Bene, il mare è abbastanza calmo, la luce è buona: “Ciak,
si gira”, esclama teatralmente Tiziano. Ma c’è ancora un problema: la tramontana fischia, il caro vecchio entrobordo diesel borbotta e io ho bisogno di una fonte audio per il playback del brano, che per la cronaca si chiama “Le Nevrosi di Virginia” (andatelo a cercare su Youtube!): viceversa non potrò suonare precisamente sopra la canzone e non è possibile sincronizzare le immagini con l’audio. Lo stereo che abbiamo portato a bordo non è efficace. Mi ricordo di avere nella borsa sottocoperta una cassa bluetooth: me la infilo nel cappuccio della cerata (non la vedete, ma c’è!), con Mattia che fa partire la canzone dallo smartphone, e il gioco è (quasi) fatto. Resta da fingere di suonare il brano, infreddolito, bardato con la ceratona gialla che, dal punto di vista ergonomico, è l’anti-abbigliamento del batterista. “Fantastico, ce l’abbiamo!
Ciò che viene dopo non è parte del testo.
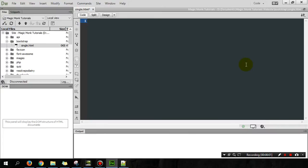Hey guys, it's Eddie the Magic Monk. In this series of videos, I'm going to introduce you to Bootstrap, which is a framework for developing responsive websites that you can view on your mobile, which is really cool.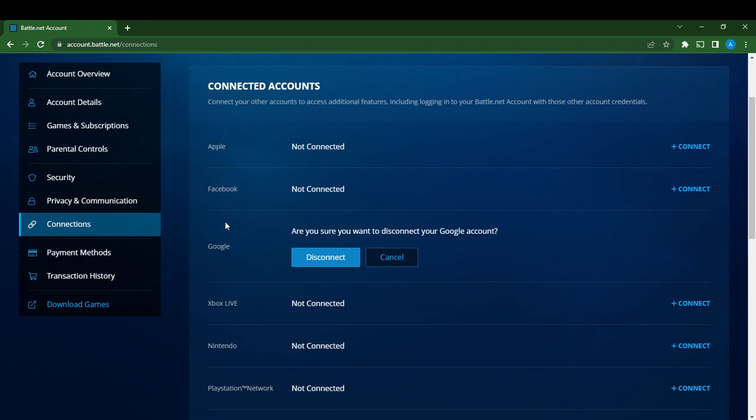Once you click the disconnect button right there, that's it - you will be able to disconnect your Google account from your Battle.net account. So it's pretty simple. Go through this video from top to bottom and get acquainted with the steps. I hope this video helped you.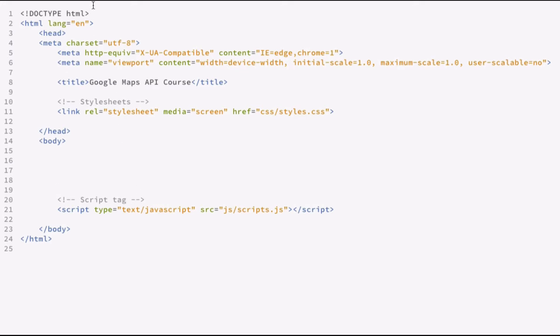So let's take a look at the index.html file here, and this is an HTML5 file, as you can see from the doc type. It's pretty standard. I have a head element, and I've created the title. And one thing to note is that I've set the viewport here so that it'll maximize to the device width.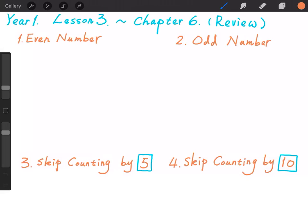Hello everyone. Welcome to Master World. In Year 1, Lesson 3, Chapter 6, we will review some key points we have learned in Lesson 3.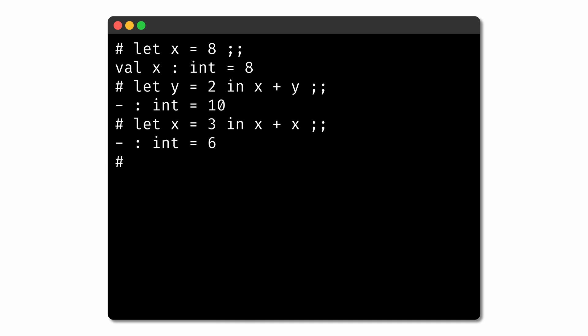While naming values like integers and floating-point numbers can be helpful for readability, where names become especially useful is when we're giving names to functions. We'll take a look at that in the next chapter.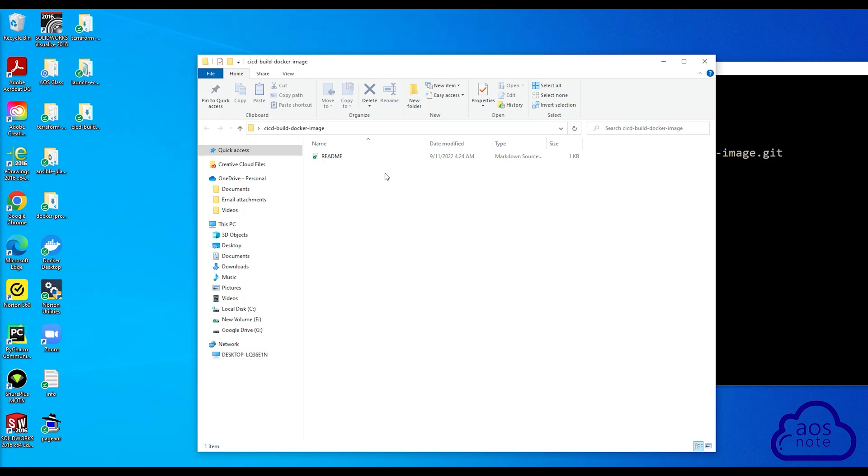This is how you create a GitHub repository and clone it on your computer. If you have any questions or there's any part of this lecture you don't understand, please leave your comments below. Thank you, and I'll see you in the next lecture. Bye.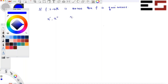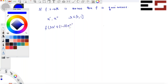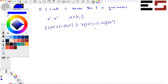Consider arbitrary x' and x'' and an arbitrary λ between 0 and 1. Since f is concave, we know that f(λx' + (1−λ)x'') ≥ λf(x') + (1−λ)f(x''). This holds because f is a concave function.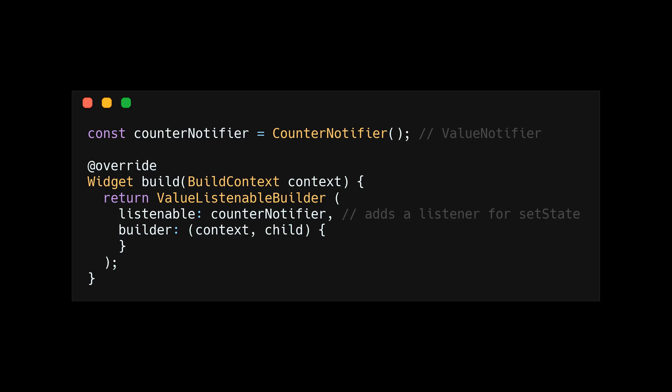So anytime the value changes in the value notifier, that will trigger a set state for the builder to make sure the UI rebuilds.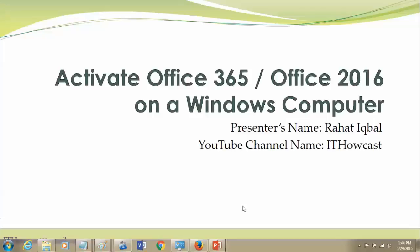Thank you for watching my YouTube channel IT Howcast. My name is Rahat Iqbal. Today I'm going to show you how to activate Office 365 Office 2016 subscription. If you have Office 2013, it's going to be the same steps. There's no big difference, so let's start.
Possiamo rientrare”, conclude soddisfatto Tiziano dopo circa quaranta minuti di riprese. Per fortuna, altrimenti le nevrosi, invece che a Virginia, sarebbero venute a me! Torniamo in porto felici, contenti e convinti che la chitarra classica sia lo strumento ideale da portarsi a bordo. Nelle pause tra un “ciak” e l’altro, Mattia ha registrato col suo telefono un video di me che “pesto duro” in mare aperto: arrivato a casa lo condivido su Facebook e diventa virale. Viene anche ripreso da importanti testate di vela internazionali. Visto il successo, la prossima sfida sarà quella di suonare la batteria mentre si naviga a vela!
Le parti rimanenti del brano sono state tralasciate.